What to do:
When a line below contains the word "table", copy that line.

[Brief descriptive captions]
>>
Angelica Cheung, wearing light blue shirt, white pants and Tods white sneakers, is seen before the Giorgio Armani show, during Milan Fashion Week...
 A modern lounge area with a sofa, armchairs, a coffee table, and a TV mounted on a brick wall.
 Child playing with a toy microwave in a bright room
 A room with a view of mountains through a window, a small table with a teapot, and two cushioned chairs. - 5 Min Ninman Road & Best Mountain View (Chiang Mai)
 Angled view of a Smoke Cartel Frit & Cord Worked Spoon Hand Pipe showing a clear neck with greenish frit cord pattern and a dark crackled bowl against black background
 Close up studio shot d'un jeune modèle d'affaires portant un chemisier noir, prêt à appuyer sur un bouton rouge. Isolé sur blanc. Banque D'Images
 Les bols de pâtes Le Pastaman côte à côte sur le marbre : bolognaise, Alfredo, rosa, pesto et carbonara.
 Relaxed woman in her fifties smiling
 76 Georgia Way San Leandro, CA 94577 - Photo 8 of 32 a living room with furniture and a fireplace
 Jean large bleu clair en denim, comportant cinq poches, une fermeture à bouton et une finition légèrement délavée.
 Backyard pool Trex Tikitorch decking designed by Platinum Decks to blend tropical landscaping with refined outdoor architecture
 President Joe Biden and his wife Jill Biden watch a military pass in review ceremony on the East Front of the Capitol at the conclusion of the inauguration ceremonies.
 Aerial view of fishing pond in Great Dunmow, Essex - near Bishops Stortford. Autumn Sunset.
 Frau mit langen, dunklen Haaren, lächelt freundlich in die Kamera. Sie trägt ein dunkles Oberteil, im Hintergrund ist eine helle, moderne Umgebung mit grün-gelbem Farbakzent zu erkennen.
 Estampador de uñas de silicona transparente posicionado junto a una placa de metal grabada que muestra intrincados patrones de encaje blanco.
<<
Written solution:
 A modern lounge area with a sofa, armchairs, a coffee table, and a TV mounted on a brick wall.
 A room with a view of mountains through a window, a small table with a teapot, and two cushioned chairs. - 5 Min Ninman Road & Best Mountain View (Chiang Mai)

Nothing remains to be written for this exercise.